Company replaces traditional polyester stitching threads with heat-dissolvable threads to facilitate recycling of clothes

The Atacama Desert in Chile has become an open-air graveyard for unwanted clothing from around the world with many garments still unworn and bearing their price tags.

“Every second, a truck full of textile waste is dumped somewhere on the globe,” says Rawaa Ammar, chief sustainability and impact officer for the Belgian startup Resortecs.

The technology to recycle used textiles and turn them into new garments already exists. The problem is “pre-recycling”. Garments are difficult to disassemble.
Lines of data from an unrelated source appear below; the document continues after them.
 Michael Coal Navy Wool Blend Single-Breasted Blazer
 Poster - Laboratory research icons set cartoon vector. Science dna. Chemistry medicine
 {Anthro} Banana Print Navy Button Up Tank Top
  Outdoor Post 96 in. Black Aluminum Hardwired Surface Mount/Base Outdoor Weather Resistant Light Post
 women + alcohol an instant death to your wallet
To recycle a pair of jeans, for example, the denim must first be separated from the zipper, the button, the studs, the label.
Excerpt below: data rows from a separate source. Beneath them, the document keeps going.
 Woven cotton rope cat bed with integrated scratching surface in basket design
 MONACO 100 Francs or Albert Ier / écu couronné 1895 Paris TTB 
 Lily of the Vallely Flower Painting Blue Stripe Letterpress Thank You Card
Cédric Vanhoeck, co-founder of Resortecs, studied industrial design engineering and fashion design until he dropped out of school to start experimenting with ways to apply active disassembly principles to textiles.
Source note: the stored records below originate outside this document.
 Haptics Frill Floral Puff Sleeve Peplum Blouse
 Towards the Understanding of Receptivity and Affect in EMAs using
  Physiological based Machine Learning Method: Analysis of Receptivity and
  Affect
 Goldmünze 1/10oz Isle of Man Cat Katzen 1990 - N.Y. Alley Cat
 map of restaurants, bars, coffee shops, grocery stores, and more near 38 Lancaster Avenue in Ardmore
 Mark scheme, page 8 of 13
This means “changing joints like a screw to allow it to lose its screwing principles and make products fall apart without manual interference,” Vanhoeck says.

In 2017, Cédric and his friend Vanessa Counaert founded Resortecs. Since then, the start-up has pioneered a thermal disassembly system for clothing, along with two patented innovations.

Picking clothes apart by the thread

Mechanical disassembly is an unsatisfactory option because shredders destroy the cloth, and the secondary material must be recycled despite a drop in its quality. Manual disassembly is slow and often prohibitively expensive.

Cédric’s solution was to replace traditional polyester stitching threads with a range of heat-dissolvable threads that melt at temperatures from 150o to 190oC, depending on the fabric.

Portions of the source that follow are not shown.